In 2016, it was the fifth-largest international brand, with a volume of 45 billion cigarettes.

==Controversy==
In September 2012, Australia's Department of Health wrote to Philip Morris warning the new plain packaging of its Bond Street cigarettes may break the country's plain tobacco packaging laws, saying the packaging only "heavily resembles the plain packaging requirements".

"We note that if these products are sold, offered for sale or otherwise supplied after 1 December 2012 the packaging would not be compliant with the Act. The breach of the act could expose the company to massive fines of up to $1.1 million". The department took issue with the use of the word "cigarettes" in small type on the side of the packet, saying the outer surfaces of the packet must have a matt finish and warned the pack may not be the correct colour — Pantone 448C.

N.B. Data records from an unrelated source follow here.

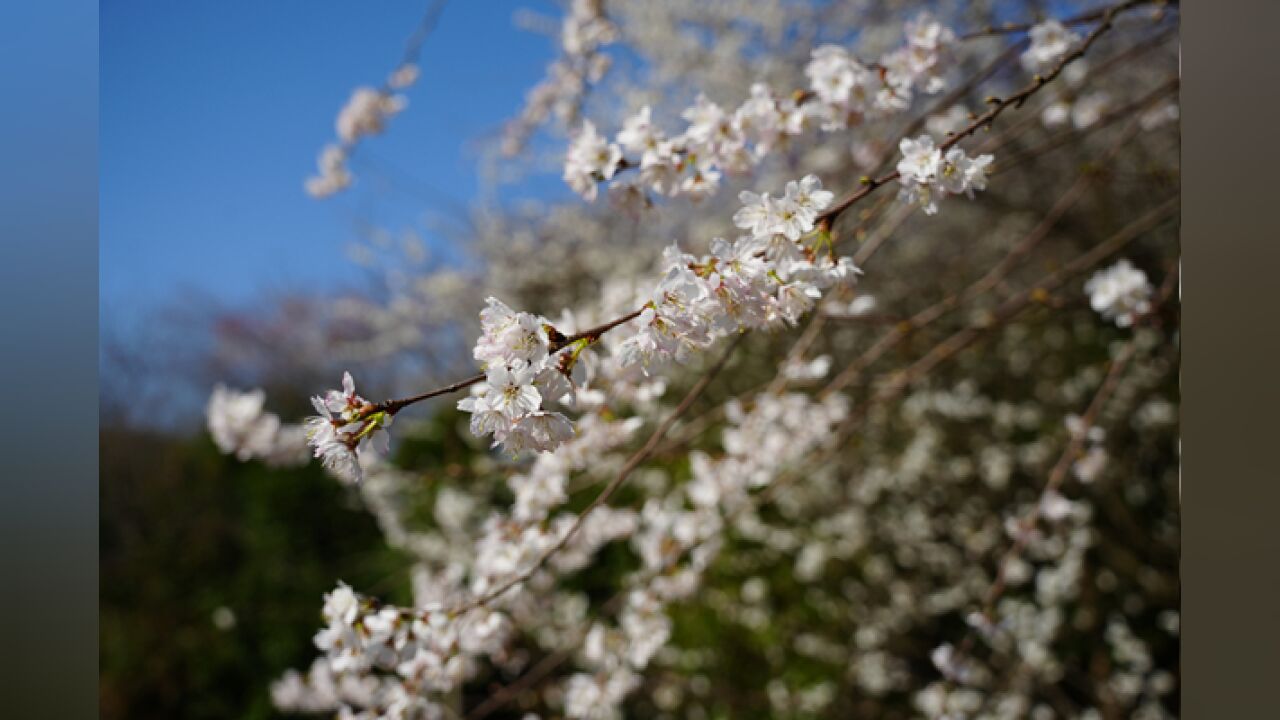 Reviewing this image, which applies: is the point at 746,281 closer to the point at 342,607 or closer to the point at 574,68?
the point at 342,607

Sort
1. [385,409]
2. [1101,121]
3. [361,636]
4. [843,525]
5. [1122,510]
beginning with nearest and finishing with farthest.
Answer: [385,409], [361,636], [1101,121], [1122,510], [843,525]

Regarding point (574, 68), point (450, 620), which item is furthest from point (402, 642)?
point (574, 68)

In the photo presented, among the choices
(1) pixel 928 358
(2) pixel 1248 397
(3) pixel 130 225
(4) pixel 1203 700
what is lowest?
(4) pixel 1203 700

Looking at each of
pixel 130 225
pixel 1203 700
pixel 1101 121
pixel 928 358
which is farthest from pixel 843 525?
pixel 130 225

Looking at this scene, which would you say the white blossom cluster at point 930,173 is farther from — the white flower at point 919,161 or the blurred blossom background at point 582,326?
the blurred blossom background at point 582,326

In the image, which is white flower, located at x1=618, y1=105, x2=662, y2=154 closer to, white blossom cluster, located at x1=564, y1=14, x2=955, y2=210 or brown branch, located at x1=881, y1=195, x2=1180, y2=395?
white blossom cluster, located at x1=564, y1=14, x2=955, y2=210

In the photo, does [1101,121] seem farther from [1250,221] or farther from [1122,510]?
[1122,510] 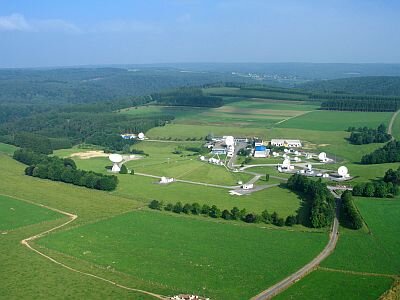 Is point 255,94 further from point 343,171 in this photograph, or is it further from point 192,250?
point 192,250

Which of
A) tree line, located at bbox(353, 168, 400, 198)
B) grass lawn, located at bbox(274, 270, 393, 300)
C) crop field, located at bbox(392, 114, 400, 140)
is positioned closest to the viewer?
grass lawn, located at bbox(274, 270, 393, 300)

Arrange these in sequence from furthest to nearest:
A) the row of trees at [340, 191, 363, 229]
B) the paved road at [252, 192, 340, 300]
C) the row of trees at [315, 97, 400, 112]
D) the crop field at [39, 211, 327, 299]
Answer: the row of trees at [315, 97, 400, 112] → the row of trees at [340, 191, 363, 229] → the crop field at [39, 211, 327, 299] → the paved road at [252, 192, 340, 300]

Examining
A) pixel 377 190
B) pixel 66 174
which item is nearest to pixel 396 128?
pixel 377 190

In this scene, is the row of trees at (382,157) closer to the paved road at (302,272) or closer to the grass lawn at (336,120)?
the grass lawn at (336,120)

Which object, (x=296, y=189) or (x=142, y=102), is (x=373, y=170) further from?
(x=142, y=102)

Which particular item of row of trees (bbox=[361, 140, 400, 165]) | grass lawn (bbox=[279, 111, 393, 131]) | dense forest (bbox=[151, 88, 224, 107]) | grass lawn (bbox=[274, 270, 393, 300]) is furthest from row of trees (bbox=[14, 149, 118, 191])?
dense forest (bbox=[151, 88, 224, 107])

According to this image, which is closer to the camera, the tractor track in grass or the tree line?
the tractor track in grass

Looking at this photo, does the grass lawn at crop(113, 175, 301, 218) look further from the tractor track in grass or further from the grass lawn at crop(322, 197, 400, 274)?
the tractor track in grass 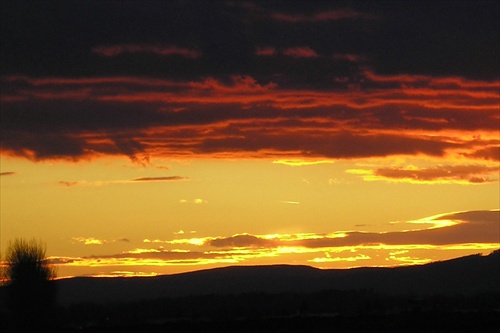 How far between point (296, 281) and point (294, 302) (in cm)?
7454

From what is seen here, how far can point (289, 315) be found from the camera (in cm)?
6712

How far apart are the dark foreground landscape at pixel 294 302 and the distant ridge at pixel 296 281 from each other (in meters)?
0.15

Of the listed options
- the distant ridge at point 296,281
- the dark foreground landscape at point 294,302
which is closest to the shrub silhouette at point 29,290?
the dark foreground landscape at point 294,302

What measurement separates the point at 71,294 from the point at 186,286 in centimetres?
1772

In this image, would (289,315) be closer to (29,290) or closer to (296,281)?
(29,290)

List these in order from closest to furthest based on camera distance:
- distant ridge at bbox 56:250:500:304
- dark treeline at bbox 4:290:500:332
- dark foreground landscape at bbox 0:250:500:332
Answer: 1. dark treeline at bbox 4:290:500:332
2. dark foreground landscape at bbox 0:250:500:332
3. distant ridge at bbox 56:250:500:304

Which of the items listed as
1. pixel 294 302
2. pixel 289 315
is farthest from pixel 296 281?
pixel 289 315

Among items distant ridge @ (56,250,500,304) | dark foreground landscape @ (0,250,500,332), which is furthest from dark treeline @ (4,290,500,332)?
distant ridge @ (56,250,500,304)

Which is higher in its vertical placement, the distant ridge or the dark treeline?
the distant ridge

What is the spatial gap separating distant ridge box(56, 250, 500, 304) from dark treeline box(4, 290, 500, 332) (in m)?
37.4

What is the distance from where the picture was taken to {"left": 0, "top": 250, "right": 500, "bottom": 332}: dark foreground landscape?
54125 mm

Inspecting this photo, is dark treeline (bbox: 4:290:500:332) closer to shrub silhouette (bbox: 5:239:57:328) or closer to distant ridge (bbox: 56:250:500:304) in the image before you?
shrub silhouette (bbox: 5:239:57:328)

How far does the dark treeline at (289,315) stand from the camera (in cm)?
5194

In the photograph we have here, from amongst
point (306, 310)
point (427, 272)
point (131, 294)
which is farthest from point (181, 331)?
point (131, 294) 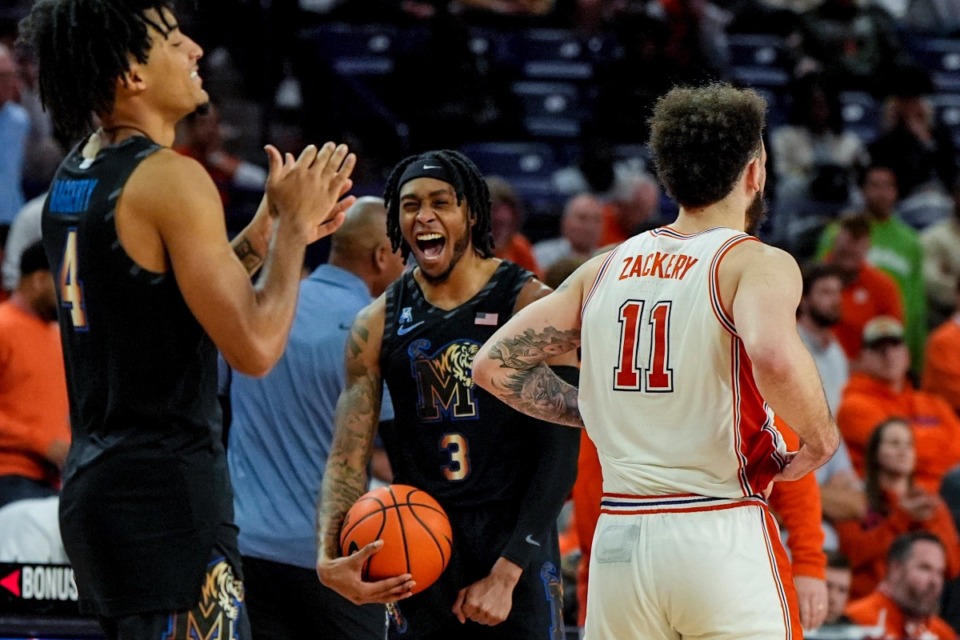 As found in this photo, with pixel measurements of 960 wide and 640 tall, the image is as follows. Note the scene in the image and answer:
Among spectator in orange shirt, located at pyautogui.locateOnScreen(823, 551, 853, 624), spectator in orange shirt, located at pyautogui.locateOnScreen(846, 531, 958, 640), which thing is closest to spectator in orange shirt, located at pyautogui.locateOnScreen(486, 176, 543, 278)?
spectator in orange shirt, located at pyautogui.locateOnScreen(823, 551, 853, 624)

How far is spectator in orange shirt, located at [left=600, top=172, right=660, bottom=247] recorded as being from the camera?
11.1 m

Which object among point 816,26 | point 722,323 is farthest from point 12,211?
point 816,26

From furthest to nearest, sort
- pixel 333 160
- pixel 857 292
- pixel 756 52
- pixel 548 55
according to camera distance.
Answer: pixel 756 52 → pixel 548 55 → pixel 857 292 → pixel 333 160

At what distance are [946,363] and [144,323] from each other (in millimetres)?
8306

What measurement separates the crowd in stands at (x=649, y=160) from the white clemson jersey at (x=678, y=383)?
3.88m

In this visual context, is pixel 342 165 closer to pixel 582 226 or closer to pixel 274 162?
pixel 274 162

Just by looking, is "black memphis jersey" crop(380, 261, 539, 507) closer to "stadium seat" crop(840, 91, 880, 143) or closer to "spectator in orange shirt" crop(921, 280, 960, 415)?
"spectator in orange shirt" crop(921, 280, 960, 415)

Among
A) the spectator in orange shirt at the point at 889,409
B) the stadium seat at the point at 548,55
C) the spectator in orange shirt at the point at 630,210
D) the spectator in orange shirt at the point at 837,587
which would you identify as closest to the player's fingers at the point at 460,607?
the spectator in orange shirt at the point at 837,587

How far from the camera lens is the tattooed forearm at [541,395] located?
13.6 feet

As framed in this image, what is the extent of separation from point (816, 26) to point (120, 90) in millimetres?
12314

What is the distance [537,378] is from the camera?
165 inches

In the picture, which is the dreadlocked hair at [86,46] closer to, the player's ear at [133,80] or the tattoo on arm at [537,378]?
the player's ear at [133,80]

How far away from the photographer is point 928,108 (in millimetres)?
14070

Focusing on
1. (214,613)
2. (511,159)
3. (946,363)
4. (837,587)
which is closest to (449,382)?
(214,613) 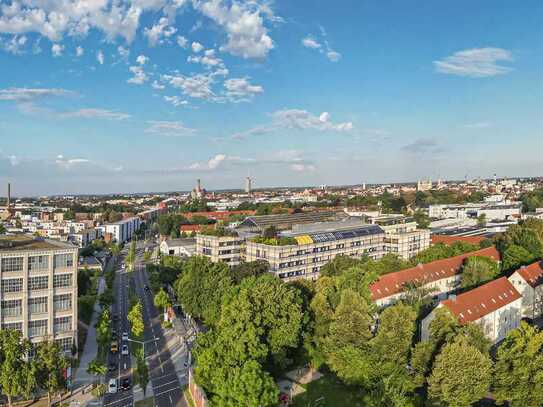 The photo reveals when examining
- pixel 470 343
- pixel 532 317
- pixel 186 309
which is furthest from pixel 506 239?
pixel 186 309

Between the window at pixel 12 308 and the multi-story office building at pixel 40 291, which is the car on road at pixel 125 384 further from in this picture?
the window at pixel 12 308

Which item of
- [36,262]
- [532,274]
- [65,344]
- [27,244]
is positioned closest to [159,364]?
[65,344]

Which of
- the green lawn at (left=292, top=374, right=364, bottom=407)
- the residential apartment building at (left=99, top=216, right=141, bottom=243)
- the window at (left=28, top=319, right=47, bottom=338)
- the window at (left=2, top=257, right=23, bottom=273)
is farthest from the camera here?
the residential apartment building at (left=99, top=216, right=141, bottom=243)

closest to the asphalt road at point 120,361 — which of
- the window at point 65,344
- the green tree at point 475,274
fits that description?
the window at point 65,344

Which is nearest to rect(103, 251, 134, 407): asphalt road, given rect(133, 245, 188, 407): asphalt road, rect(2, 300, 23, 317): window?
rect(133, 245, 188, 407): asphalt road

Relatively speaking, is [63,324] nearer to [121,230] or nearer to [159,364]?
[159,364]

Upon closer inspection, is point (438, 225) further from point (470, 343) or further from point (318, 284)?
point (470, 343)

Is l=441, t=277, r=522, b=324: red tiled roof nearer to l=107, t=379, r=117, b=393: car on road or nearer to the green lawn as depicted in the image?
the green lawn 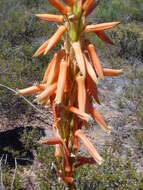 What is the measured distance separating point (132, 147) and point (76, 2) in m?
4.22

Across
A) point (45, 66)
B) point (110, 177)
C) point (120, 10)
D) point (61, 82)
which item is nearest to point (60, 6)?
point (61, 82)

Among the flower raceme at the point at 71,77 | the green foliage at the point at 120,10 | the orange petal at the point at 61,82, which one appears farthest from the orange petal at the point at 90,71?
the green foliage at the point at 120,10

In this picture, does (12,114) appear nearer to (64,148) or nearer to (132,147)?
(132,147)

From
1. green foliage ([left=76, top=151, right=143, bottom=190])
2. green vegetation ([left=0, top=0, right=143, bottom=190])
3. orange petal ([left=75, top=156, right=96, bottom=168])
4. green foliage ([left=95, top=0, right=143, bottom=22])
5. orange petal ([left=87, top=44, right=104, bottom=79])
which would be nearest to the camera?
orange petal ([left=87, top=44, right=104, bottom=79])

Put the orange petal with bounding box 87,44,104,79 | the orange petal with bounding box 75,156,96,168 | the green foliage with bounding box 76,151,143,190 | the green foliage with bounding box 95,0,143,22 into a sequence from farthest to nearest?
the green foliage with bounding box 95,0,143,22 → the green foliage with bounding box 76,151,143,190 → the orange petal with bounding box 75,156,96,168 → the orange petal with bounding box 87,44,104,79

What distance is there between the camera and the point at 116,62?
29.8 ft

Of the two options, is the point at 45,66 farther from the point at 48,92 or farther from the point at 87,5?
the point at 87,5

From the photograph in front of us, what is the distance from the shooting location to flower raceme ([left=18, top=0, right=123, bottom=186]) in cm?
224

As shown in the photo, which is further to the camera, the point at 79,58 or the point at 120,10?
the point at 120,10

The department referred the health warnings contained on the pack to the Australian Competition & Consumer Commission to see if they complied with regulations.

==Markets==
Bond Street are sold in the following countries: United States, Argentina, Sweden, Finland, The Netherlands, Italy, Poland, Hungarian People's Republic, Hungary, Czech Republic, Moldova, Slovakia, Slovenia, Bosnia and Herzegovina, Serbia, Estonia, Ukraine, Russia, Kazakhstan, Armenia, Sierra Leone, Togo, Israel, Malaysia, Australia and New Zealand.